All the query runners collect the results first, convert them to our results format and then serialize it to JSON.
This has the following issues:
1.
Our results format stores the column names with each row. For large data sets, this can result in significant overhead.
2. JSON is not a binary format, so this increases memory usage even more.
3. Collecting all the results means we need to keep them all in memory. And in this case we keep the unserialized and serialized versions in memory.
Ideally we would read a row from the source and write one to our storage. I'm not entirely sure if it's possible, it might be with Postgres's lobjects, but need to look more into it.
Another option is not to store large datasets in PostgreSQL, but rather on some filesystem (either the server's local, or something like S3).

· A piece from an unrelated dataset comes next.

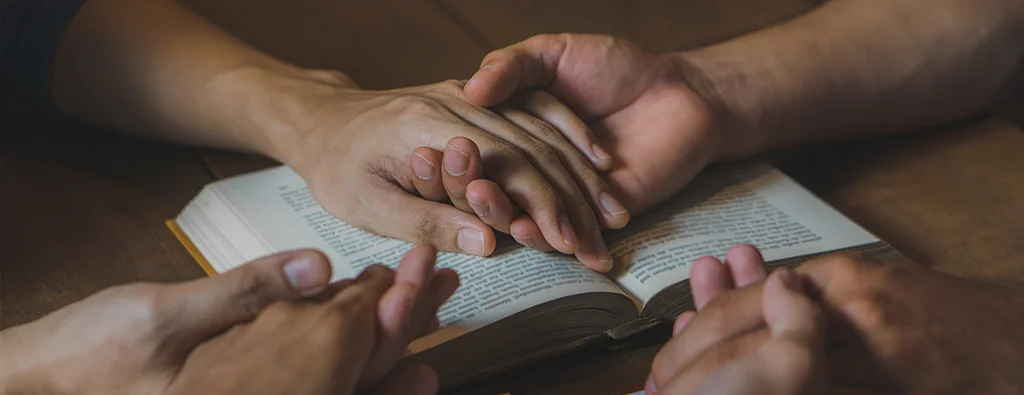 jesus_y_los_que_no_tienen_lugar_en_la_mesa_desatcada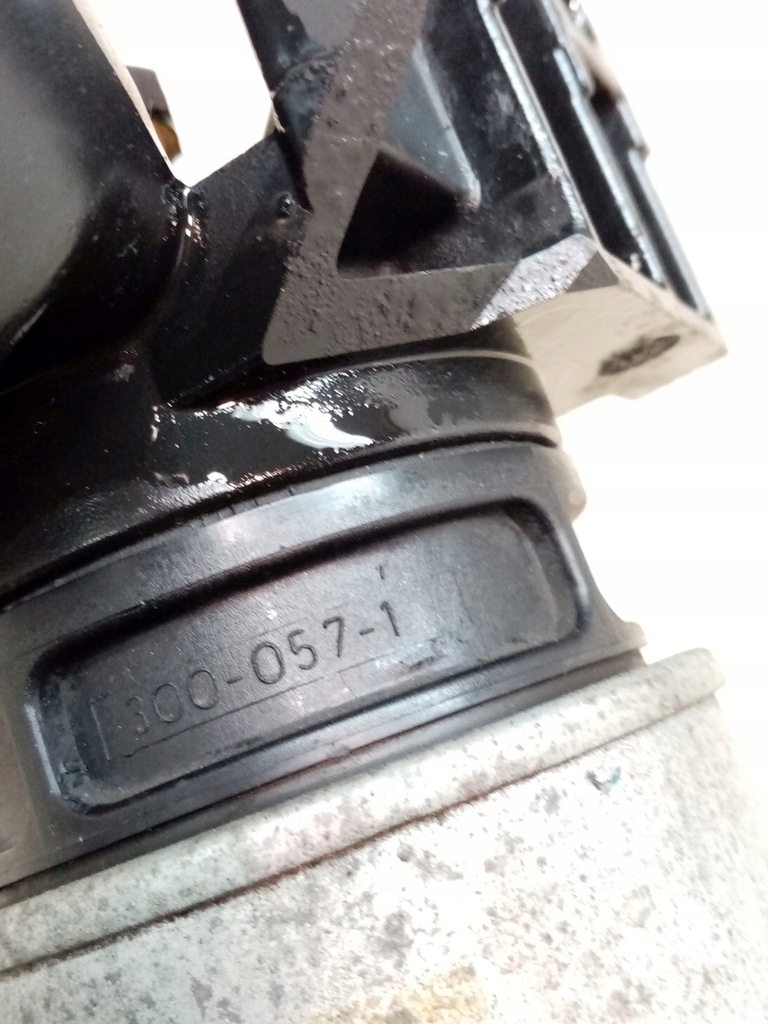 фото №8, Корпус фильтра масла voyager iv 2.5 crd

What can be done without much changes is to change the results format to store rows without the column headers. On the backend is straightforward, while it will require some changes in the client side, which should be done in a backward compatible way.
Next issue to tackle is to avoid choking the UI with huge result sets. We need to change the backend to detect large datasets (for example with rowcount method of the cursor for DB-API based sources), and treat them differently;
1. Keep a flag on query_results object that indicates it has large dataset.
2. Store the results in a different way -- either different table (the easiest), or lobject or filesystem.
Next when requesting from the API the results, you will get the query result object along with the flag indicating that this is a big dataset, and results should be queried with additional API call.
This is sort of a brain dump, so probably not so clear. Please feel free to follow up with questions.